▶ [Prompt]: Find each line of the entries with the string "Large", please, and copy it.

[Saved entries]
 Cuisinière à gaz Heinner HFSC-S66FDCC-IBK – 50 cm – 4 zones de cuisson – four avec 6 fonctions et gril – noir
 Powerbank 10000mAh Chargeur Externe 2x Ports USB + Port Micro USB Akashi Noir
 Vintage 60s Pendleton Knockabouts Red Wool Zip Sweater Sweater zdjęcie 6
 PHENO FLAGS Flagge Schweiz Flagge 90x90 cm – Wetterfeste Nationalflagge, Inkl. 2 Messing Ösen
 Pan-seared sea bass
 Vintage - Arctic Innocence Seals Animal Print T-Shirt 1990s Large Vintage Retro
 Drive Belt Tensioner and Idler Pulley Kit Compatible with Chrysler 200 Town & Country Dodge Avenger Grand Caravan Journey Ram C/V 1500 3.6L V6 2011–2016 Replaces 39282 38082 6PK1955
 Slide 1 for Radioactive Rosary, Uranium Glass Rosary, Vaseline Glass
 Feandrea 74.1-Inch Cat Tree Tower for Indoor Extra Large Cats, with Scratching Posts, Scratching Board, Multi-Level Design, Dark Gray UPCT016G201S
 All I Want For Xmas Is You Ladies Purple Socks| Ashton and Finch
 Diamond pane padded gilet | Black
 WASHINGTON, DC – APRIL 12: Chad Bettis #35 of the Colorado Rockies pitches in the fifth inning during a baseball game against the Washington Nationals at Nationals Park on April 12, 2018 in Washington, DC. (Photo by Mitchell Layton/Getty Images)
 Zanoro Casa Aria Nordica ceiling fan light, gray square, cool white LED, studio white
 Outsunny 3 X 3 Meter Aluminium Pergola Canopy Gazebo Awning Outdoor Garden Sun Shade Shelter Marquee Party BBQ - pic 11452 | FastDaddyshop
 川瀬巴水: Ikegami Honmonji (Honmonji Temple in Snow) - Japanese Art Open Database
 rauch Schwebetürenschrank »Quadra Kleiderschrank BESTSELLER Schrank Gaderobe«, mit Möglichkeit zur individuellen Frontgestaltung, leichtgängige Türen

▶ [Exercise answer]:
 Vintage - Arctic Innocence Seals Animal Print T-Shirt 1990s Large Vintage Retro
 Feandrea 74.1-Inch Cat Tree Tower for Indoor Extra Large Cats, with Scratching Posts, Scratching Board, Multi-Level Design, Dark Gray UPCT016G201S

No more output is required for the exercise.